Erik Sherman's WriterBiz

A spot about the business of writing as seen by a freelance writer. That includes marketing, sales, contracts, copyright, planning, research - in short, the business end of writing.

Name: Erik Sherman
Location: Massachusetts, United States

I'm an independent writer and photographer who covers business, food, technology, books, media, general features, and pretty much anything appealing that results in a signed check. My work has appeared in such places as the New York Times Magazine, Newsweek, Newsweek Japan, Fortune, Inc, Fortune Small Business, the Financial Times, Advertising Age, Saveur, US News & World Report, and Continental

Tuesday, June 3, 2008

"On the Media" On the Book Business

If you write books, or want to, then you should read the transcript of a May On the Media broadcast.
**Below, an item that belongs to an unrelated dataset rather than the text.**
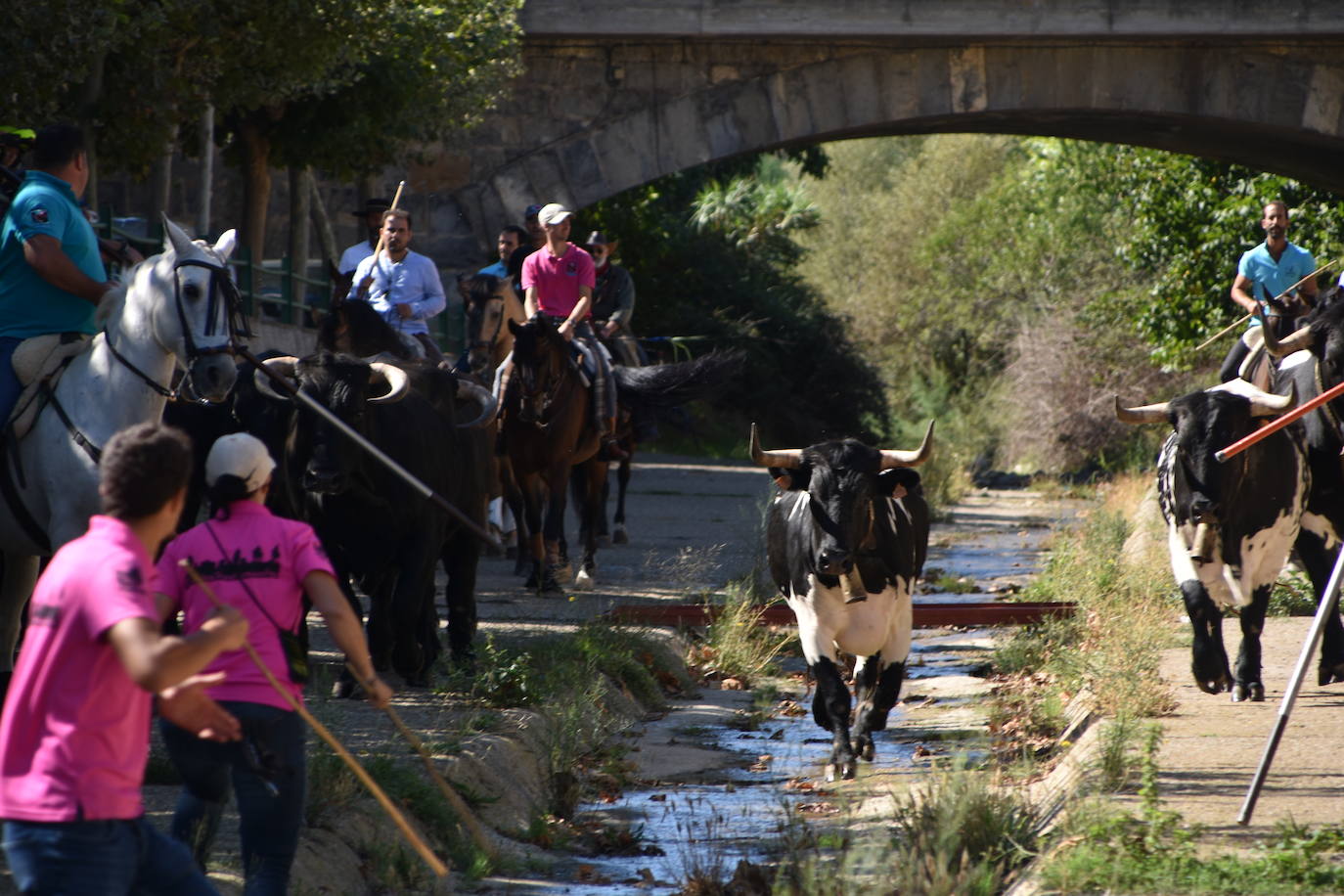 Fotos: La trashumancia se celebra en Rincón de Olivedo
The NPR show about the media business spent some long minutes discussing the dynamics of the book industry, starting with where the books sell. For example, did you know that traditional book stores, whether chains or independents, only account for 40 percent of book sales? Online is important, absolutely - Amazon represents 11 percent of all book sales - but so are airports and Wal-Mart and toy stores and craft stores and Williams Sonoma. If your publisher only goes after bookstores, then it is not doing its job of getting copies out there.

As you likely know, there are fewer and fewer traditional outlets for book reviews and news. Newspapers have cut back terribly. So you need to find the gowing alternate routes: online reviewers and book clubs (And Oprah if you have any chance, because who else could cause about a million copies of Anna Karenina to fly off the shelves?). The probelm is the volume of books coming out each year is staggering: between 200,000 and 300,000 if you include self-published titles. Twenty or thirty years ago, that number was more like 50,000. It's like being in a room of screaming people. Who will catch your attention?

Jonathan Band, an adjunct professor at the Georgetown University Law Center, had the single-best explanation of what Google Book Search could do for the publishing companies and authors:
It will make books more relevant than they are today. Because right now, a lot of students, when they are given a research assignment, they just go to Google or another search engine. They don't see books, because books are invisible on the Internet.
I had never considered that, but that point alone could change my attitude toward books on Google.

The entire dynamic of how people consider books is changing. The show brought up the example of Touching the Void, which had sat around doing nothing for many years until Into Thin Air became hot and Amazon's automated suggested selling promoted the former during sales of the latter. Bang: best seller.

Back to the beginning: if you want to write books, then you need to read this transcript, because you have to get a sense of how far the reality of the book business might be from your preconceptions. That is, unless you have a trust fund or have no life and can afford to write books during all your "free" hours.